*** GIVEN INFORMATION Section Begins ***

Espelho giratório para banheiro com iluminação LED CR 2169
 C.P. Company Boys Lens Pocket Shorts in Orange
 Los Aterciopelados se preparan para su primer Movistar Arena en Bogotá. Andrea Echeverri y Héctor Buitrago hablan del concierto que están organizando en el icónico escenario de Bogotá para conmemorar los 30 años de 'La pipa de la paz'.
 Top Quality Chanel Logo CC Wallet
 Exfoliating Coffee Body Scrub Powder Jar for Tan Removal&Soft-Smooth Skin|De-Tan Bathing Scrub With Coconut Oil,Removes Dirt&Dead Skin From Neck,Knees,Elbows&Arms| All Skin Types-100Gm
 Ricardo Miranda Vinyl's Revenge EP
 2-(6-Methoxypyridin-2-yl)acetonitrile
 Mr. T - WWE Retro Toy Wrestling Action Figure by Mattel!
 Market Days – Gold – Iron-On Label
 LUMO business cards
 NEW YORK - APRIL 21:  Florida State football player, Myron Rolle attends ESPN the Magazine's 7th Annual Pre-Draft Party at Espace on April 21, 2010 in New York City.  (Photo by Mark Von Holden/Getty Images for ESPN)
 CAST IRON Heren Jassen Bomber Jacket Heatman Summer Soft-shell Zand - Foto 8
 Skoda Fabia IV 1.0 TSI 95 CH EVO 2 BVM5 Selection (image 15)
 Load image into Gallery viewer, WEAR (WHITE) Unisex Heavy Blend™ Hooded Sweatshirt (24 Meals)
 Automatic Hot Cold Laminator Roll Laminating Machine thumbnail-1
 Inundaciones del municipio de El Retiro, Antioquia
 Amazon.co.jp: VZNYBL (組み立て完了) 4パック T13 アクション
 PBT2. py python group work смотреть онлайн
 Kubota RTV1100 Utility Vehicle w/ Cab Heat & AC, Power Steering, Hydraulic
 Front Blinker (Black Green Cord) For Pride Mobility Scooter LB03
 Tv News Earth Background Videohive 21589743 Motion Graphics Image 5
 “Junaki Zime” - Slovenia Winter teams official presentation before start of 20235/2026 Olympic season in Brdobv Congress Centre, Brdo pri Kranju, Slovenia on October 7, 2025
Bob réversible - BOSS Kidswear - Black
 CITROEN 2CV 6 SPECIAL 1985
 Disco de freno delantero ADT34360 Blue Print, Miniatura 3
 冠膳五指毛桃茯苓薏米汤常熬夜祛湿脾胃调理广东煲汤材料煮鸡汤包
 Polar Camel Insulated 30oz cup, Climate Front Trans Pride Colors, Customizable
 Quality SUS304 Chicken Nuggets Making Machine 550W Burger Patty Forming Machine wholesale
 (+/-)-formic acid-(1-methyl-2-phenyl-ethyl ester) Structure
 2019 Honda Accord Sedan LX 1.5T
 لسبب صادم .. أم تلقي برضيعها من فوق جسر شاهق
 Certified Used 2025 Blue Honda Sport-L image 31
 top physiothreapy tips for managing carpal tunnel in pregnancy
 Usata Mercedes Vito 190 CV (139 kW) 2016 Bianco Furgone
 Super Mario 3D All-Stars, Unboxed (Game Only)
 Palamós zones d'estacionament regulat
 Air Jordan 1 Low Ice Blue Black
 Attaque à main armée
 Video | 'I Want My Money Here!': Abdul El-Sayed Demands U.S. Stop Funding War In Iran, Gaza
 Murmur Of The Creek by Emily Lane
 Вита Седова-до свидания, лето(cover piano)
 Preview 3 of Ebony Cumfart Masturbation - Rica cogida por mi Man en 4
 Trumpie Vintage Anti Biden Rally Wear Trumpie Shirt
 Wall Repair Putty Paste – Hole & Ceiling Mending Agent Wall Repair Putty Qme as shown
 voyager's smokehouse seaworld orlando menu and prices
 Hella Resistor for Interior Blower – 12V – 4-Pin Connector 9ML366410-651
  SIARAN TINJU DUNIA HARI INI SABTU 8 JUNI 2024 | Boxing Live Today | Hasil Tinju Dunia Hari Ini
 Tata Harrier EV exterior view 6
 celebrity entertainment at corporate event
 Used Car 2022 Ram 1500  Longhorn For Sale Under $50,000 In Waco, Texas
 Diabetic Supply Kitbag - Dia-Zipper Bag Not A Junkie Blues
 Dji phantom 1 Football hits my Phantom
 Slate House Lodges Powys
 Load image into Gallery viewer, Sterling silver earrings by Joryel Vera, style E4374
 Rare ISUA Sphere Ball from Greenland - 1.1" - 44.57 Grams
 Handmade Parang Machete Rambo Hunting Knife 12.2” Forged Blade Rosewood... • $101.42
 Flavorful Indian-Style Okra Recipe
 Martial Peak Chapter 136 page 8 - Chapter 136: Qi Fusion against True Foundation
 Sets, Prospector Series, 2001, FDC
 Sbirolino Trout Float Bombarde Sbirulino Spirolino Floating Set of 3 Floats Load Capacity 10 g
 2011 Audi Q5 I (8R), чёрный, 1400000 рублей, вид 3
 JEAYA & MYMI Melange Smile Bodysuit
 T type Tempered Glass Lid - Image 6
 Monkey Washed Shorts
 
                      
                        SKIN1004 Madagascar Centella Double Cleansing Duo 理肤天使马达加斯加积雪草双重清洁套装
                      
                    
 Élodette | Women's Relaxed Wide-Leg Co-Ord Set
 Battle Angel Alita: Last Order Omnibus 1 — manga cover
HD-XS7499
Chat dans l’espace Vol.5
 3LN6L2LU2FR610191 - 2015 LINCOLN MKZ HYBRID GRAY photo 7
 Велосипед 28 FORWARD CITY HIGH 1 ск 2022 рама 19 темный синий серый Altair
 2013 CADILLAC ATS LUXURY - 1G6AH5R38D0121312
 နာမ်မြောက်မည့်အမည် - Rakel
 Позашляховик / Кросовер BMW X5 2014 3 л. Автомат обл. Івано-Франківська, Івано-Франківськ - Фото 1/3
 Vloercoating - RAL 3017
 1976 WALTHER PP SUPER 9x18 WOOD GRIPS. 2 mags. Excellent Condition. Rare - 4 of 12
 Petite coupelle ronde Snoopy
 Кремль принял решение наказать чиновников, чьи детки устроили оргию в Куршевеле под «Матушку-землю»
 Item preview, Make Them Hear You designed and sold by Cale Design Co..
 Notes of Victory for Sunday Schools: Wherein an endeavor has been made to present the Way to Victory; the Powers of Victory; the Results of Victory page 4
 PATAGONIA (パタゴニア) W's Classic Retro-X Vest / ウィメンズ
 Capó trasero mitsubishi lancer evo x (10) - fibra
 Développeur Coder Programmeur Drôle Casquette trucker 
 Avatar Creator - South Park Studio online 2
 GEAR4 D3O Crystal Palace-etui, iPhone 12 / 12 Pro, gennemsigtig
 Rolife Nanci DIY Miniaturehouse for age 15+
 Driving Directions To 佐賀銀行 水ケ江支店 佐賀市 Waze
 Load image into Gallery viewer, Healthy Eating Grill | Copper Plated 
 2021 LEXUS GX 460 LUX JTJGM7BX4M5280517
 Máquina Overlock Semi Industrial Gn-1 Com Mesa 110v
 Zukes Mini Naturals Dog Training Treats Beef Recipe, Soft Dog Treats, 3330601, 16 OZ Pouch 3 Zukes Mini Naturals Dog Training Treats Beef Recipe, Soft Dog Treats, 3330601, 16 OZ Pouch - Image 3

*** GIVEN INFORMATION Section Ends ***

▸ **TASK DIRECTIONS**
From the records above, repeat exactly the lines from the one with "(+/-)-formic acid-(1-methyl-2-phenyl-ethyl ester)" through the one with "Вита Седова-до свидания, лето(cover piano)", both included.

▸ **WRITTEN RESPONSE**
 (+/-)-formic acid-(1-methyl-2-phenyl-ethyl ester) Structure
 2019 Honda Accord Sedan LX 1.5T
 لسبب صادم .. أم تلقي برضيعها من فوق جسر شاهق
 Certified Used 2025 Blue Honda Sport-L image 31
 top physiothreapy tips for managing carpal tunnel in pregnancy
 Usata Mercedes Vito 190 CV (139 kW) 2016 Bianco Furgone
 Super Mario 3D All-Stars, Unboxed (Game Only)
 Palamós zones d'estacionament regulat
 Air Jordan 1 Low Ice Blue Black
 Attaque à main armée
 Video | 'I Want My Money Here!': Abdul El-Sayed Demands U.S. Stop Funding War In Iran, Gaza
 Murmur Of The Creek by Emily Lane
 Вита Седова-до свидания, лето(cover piano)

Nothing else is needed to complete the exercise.